Tampoco ayudaba mucho el que su teléfono no recibiera ningún mensaje de la mujer que prometió informarla sobre todo.
Un ruido en la puerta le hizo suspirar antes de dirigirse a abrirla. Galleta entró a su habitación con alegría y se recostó en su pequeña cama, sacándole una pequeña sonrisa, la cual no era completamente feliz.
-No deberías estar en mí habitación.
El perro no podía entender sus palabras, pero sí pudo notar su cambio de humor, pues el can dejó de morder su hueso de plástico para mirarla con extrañeza y, después, acercarse a ella moviendo ligeramente la cola.
La puerta que había logrado mantener cerrada todo el día en su mente finalmente se había abierto, causando que Sara tuviera que suprimir un sollozo, cubriendo su boca con la palma de su mano.
El perro, que su amiga Dulce había nombrado, subió a su cama y se acurrucó con ella, aumentando el volumen de lágrimas que rodaban por sus mejillas.
Dulce era quién debió adoptar a ese can que encontraron un día afuera del cine, no ella.
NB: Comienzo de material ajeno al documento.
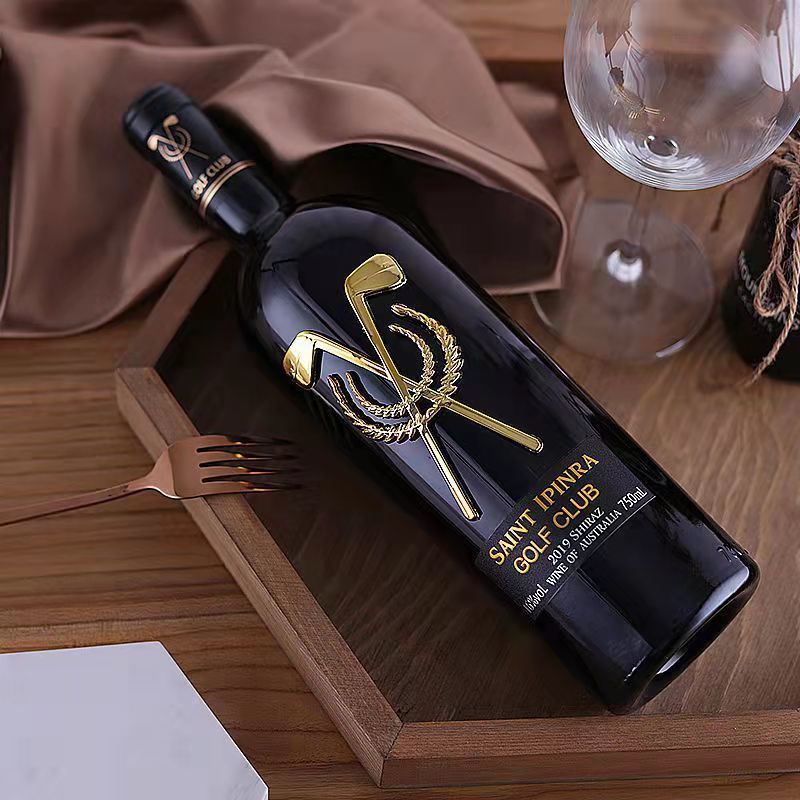 澳大利亚进口2瓶golfclub干红葡萄酒正品16度750ml送礼袋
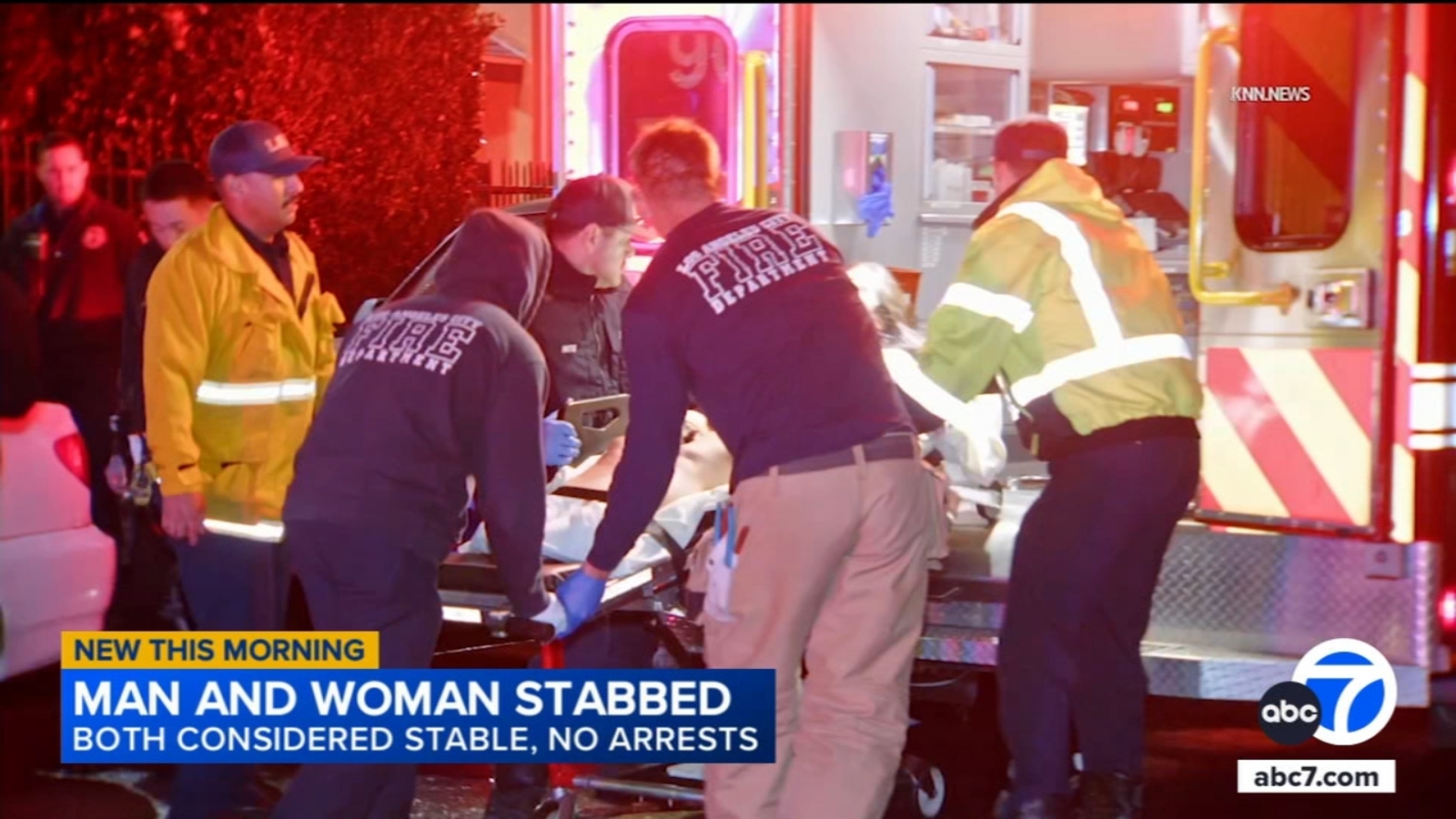 Double stabbing in North Hills leaves man and woman hospitalized, LAPD ...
Dulce debió haberla llamado esa mañana para ir juntas a la universidad. Dulce debió ser quien la acompañara a ese café...
Sara, desesperada, buscó debajo de su cama y sacó el diario, aquel que la consolaba y la hacía derrumbarse al mismo tiempo, y el cual prácticamente le lanzaron con ira, debido a su contenido.
Abrió una página al azar, y leyó lo que decía:
«Querido Dios:
Mañana Sara y yo comenzaremos la universidad. Mentiría si te dijera que no estoy nerviosa, pero también estoy bastante emocionada.
Lo único malo es que tendremos que dejar nuestras lecciones de baile. ¡Ah!, ¡odio eso! Aunque creo que mi madre está feliz. A ella nunca le gustó que yo bailara.
Dios... espero poder disfrutarla mucho y espero... bueno... tal vez eso me ayude. Tú sabes a lo que me refiero, ¿cierto?
En fin, debo ir a dormir, aunque no creo poder.
Te quiere,
Dulce.
P.D: Por favor, haz que Sara tenga dulces sueños.»
Ella cerró el diario, y se llevó una mano a su pecho, donde descansaba el crucifijo que llevaba todos los días. Si bien, ella ya no rezaba, el ver la imagen de la cadena que su madre le había obsequiado le daba una pequeña sensación de paz. Era como si esa pequeña figura fuera la única conexión que tenía desde hacía mucho tiempo con Dios. Con tan solo verla en un espejo, lograba pensar, durante un breve segundo en su presencia.
O así solía ser. Ahora simplemente la usaba por costumbre.
Mordiéndose el labio, guardó el pequeño diario y se recostó en su cama.
«Dios, ¿por qué?».
Sara hubiera deseado que ese fuera el último de sus pensamientos antes de quedarse dormida, pero como recientemente pasaba, ese solo fue uno de los que la atormentaron por el resto de la noche.